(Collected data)
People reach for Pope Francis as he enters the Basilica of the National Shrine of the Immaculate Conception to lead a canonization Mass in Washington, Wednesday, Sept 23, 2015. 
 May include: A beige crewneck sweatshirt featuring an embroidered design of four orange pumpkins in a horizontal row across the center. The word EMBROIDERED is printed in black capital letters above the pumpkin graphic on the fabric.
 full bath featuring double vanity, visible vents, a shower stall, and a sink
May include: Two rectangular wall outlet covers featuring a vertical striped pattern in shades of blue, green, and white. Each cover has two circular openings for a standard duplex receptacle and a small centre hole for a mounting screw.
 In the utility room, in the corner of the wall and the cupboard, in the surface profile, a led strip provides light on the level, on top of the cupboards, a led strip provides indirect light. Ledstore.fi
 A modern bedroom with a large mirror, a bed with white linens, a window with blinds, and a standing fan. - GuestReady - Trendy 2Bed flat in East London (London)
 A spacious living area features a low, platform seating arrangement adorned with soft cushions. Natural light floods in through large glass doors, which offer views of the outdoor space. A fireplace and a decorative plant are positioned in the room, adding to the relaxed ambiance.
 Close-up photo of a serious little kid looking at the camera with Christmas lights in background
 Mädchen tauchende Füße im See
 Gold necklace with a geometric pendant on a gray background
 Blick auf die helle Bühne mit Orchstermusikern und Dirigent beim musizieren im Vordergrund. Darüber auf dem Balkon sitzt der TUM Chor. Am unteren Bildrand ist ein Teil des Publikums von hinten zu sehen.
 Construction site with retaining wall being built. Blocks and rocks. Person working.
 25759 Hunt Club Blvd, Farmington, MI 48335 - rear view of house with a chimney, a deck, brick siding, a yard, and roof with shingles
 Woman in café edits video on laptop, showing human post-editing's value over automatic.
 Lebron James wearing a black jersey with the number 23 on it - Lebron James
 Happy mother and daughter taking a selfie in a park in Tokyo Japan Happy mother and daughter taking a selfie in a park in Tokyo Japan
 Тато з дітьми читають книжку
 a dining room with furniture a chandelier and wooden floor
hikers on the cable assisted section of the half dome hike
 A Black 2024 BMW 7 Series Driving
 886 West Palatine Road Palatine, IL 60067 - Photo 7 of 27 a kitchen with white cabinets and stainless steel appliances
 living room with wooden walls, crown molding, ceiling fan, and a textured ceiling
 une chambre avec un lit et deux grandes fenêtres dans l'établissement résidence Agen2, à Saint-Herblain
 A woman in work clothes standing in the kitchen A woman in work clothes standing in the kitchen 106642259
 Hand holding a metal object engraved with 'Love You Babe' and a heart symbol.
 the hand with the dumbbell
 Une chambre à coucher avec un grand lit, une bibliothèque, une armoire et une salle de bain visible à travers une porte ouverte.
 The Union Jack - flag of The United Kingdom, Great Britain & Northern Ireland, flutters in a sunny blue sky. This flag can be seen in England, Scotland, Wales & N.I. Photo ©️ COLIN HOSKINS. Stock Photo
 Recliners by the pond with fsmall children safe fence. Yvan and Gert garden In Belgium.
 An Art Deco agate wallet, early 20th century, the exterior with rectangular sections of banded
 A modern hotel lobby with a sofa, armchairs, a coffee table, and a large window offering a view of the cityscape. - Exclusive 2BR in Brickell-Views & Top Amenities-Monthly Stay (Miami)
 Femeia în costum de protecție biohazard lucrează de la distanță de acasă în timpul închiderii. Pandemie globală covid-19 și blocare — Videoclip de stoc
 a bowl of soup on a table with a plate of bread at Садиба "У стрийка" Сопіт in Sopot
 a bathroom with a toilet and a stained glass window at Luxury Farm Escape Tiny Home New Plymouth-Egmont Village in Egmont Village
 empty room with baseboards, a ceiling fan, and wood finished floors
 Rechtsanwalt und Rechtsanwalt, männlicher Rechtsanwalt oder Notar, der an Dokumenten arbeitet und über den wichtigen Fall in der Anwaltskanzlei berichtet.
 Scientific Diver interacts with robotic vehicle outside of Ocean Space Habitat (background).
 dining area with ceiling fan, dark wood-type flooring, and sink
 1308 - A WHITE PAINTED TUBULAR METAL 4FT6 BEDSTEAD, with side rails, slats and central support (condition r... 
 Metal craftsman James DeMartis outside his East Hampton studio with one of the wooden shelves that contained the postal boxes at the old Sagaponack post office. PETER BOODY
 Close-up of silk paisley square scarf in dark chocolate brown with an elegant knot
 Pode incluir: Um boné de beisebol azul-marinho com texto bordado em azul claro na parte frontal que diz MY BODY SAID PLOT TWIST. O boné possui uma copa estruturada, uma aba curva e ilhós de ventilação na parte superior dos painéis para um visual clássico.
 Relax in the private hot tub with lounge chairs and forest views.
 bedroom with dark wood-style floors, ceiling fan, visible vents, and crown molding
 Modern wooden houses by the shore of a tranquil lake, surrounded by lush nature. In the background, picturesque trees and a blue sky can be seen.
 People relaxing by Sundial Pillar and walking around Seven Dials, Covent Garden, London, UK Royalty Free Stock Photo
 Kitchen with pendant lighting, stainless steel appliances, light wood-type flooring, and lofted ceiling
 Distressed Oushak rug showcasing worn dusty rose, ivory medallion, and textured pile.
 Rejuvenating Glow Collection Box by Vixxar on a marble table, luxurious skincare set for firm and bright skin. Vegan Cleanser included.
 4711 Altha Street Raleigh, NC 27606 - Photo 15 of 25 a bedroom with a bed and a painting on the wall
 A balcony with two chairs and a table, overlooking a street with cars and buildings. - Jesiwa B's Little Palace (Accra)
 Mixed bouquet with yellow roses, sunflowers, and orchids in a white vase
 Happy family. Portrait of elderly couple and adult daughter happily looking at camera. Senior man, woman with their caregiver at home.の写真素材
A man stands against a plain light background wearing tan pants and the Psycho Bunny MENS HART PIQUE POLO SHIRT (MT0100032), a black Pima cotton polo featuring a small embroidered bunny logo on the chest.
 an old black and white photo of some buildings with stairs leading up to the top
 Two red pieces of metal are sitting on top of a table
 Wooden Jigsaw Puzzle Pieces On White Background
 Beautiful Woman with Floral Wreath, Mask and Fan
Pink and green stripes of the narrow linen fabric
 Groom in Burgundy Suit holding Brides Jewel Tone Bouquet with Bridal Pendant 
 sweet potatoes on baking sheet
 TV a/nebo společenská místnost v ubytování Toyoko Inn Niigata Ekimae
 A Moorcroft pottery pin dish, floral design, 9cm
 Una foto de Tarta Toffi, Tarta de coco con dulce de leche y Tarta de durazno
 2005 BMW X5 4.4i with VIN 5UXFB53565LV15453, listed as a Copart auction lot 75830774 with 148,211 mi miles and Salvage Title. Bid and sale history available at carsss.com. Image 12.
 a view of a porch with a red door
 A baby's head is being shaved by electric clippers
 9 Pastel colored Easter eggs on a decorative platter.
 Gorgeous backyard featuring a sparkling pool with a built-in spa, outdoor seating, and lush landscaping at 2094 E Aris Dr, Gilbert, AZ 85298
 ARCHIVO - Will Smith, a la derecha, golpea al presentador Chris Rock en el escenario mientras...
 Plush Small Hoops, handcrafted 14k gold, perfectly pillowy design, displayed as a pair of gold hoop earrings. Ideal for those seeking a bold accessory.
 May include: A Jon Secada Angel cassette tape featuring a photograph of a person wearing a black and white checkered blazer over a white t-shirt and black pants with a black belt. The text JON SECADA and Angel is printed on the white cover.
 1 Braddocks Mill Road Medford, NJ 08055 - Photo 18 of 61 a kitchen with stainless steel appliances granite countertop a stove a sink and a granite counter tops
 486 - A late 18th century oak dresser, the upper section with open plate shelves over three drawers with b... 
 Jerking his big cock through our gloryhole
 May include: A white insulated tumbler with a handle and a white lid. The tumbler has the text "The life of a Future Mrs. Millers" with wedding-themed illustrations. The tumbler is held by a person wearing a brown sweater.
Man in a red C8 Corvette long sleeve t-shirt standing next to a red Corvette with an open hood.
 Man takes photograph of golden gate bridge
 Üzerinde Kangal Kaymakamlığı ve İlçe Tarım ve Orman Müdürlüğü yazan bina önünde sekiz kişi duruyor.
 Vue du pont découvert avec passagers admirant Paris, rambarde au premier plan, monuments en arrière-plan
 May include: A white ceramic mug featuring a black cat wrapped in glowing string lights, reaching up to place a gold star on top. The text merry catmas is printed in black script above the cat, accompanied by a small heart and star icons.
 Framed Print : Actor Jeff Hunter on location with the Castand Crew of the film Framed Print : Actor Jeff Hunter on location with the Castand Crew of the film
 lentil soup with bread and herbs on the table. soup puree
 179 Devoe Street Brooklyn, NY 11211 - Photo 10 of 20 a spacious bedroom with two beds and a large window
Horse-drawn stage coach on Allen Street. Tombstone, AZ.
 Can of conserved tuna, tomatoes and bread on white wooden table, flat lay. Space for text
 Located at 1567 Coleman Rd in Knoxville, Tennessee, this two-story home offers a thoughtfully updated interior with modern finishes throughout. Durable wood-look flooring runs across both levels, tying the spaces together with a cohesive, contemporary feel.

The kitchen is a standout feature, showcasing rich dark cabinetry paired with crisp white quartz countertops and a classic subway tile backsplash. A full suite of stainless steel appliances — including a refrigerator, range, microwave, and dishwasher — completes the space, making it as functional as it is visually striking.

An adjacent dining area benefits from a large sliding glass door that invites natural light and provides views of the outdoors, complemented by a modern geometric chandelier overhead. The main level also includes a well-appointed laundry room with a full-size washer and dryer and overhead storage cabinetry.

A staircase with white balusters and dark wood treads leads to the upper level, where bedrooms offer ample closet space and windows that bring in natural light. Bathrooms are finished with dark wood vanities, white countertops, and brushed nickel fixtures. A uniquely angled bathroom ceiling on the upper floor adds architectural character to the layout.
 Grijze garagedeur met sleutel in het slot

# WORK TO BE COMPLETED
Transcribe the lines above between the line holding "TV a/nebo společenská" and the line holding "Una foto de", inclusive, exactly as they stand and with nothing added.

# RESPONSE BELOW
 TV a/nebo společenská místnost v ubytování Toyoko Inn Niigata Ekimae
 A Moorcroft pottery pin dish, floral design, 9cm
 Una foto de Tarta Toffi, Tarta de coco con dulce de leche y Tarta de durazno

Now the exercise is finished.